『自転車に乗る前に読む本 生理学データで読み解く「身体と自転車の科学」』
屋外で体を動かすのにはよい季節になったが、本格的に運動するとなると、やはりハードルは高い。そんな方におすすめしたいのが高石鉄雄『自転車に乗る前に読む本 生理学データで読み解く「身体と自転車の科学」』(講談社ブルーバックス・1100円)だ。自転車に乗ることの身体へのメリット、自転車の選び方、どの程度の坂や速度が適切かといったことが、詳しいデータとともに解説されている。サドルの高低を調節するだけで、疲労感や運動強度が大きく変わるなど、目からウロコのデータが山盛りだ。
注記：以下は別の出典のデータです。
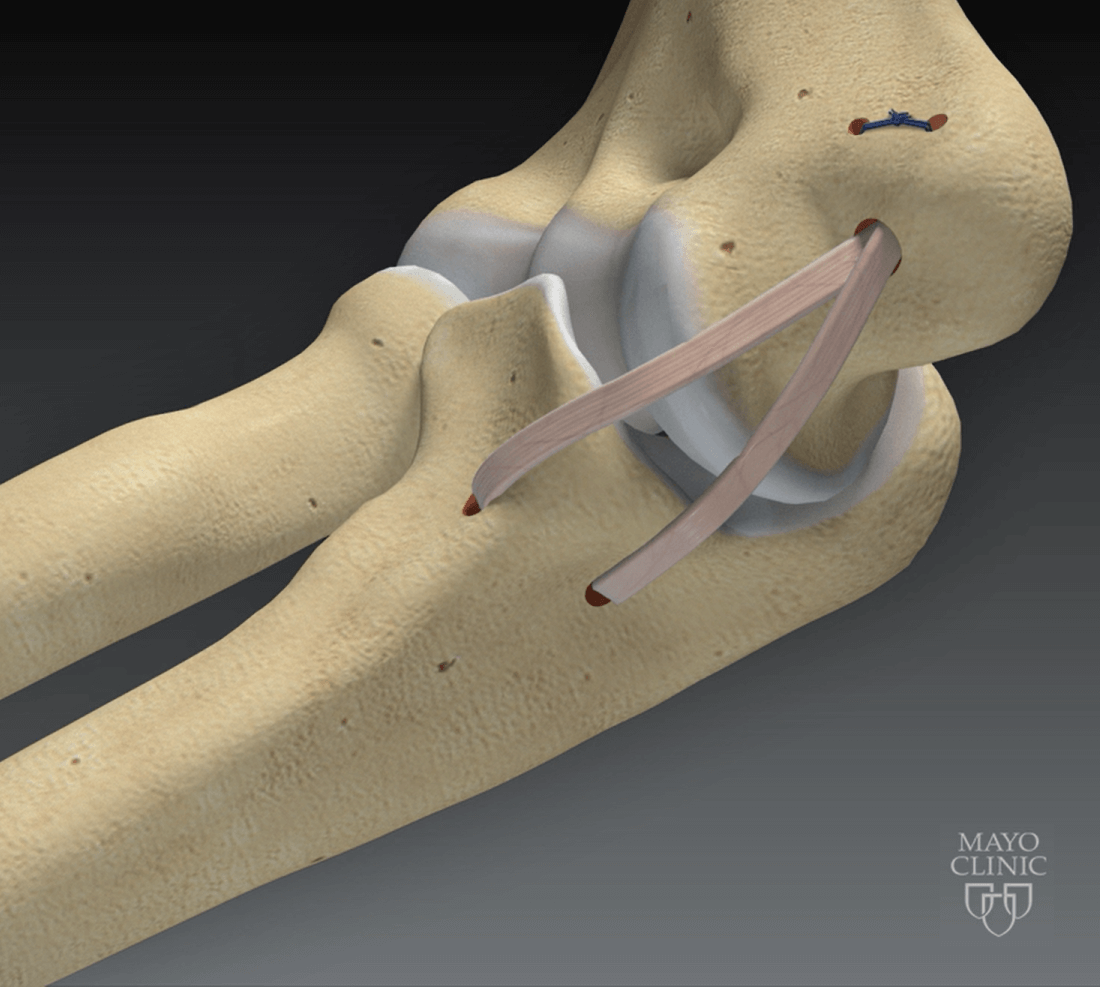 Ulnar Collateral Ligament (UCL) Elbow Brace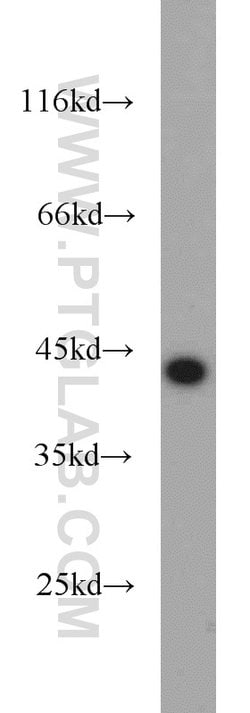 TDP-43 (C-terminal) Rabbit anti-Human, Mouse, Rat, Polyclonal, Proteintech:Antibodies:Primary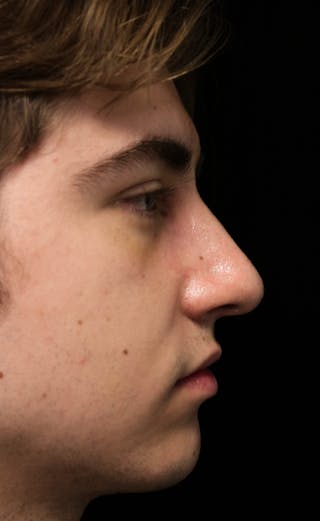 Beverly Hills Rhinoplasty Before & After Gallery - Patient 198423 - Image 2 Dr. Deepak Raj Dugar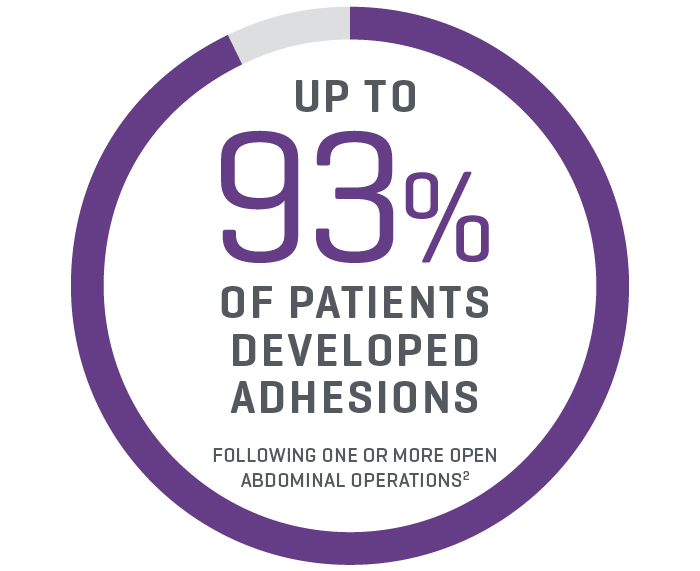 Up to 93% of abdominal operation patients developed adhesions			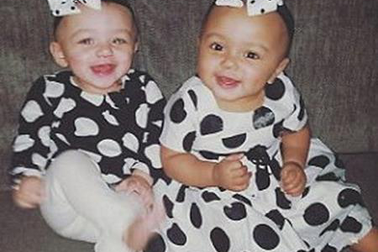 Cặp song sinh khác màu da đón sinh nhật đầu tiên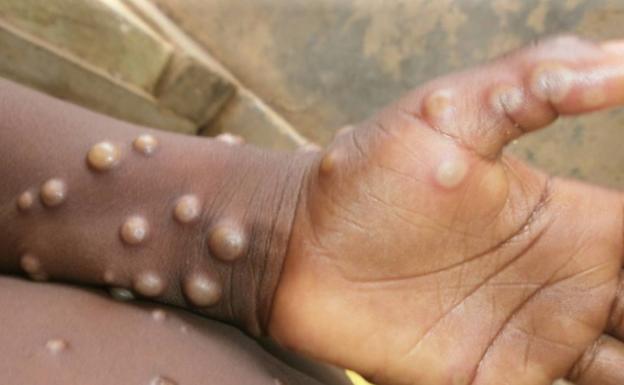 Madrid estudia si hay vínculo entre los casos de viruela del mono y el Maspalomas Pride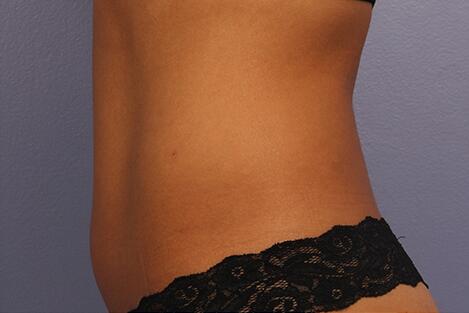 CoolSculpting Before & After Image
無理なく運動したい人にとって、自転車こそは強い味方なのだと思えた。
★高石鉄雄著 講談社ブルーバックス・1100円
『ビジネス教養としての最新科学トピックス』
一方、茜灯里『ビジネス教養としての最新科学トピックス』(インターナショナル新書・968円)は、気鋭の科学ジャーナリストによるコラム集。人工知能、ゲノム編集、ワクチン、核融合など、気になるテーマについてわかりやすい解説がなされている。各テーマ5分程度で読めるから、忙しい人にはありがたい構成だ。最先端の事柄ばかりではなく、「鬼滅の刃」に登場する青い彼岸花の実現可能性、実は残忍な一面も持つイルカの生態など、人に話したくなるような話題も多数収載されている。タイトルにはビジネス教養とあるが、幅広い層に読んでもらいたい一冊だ。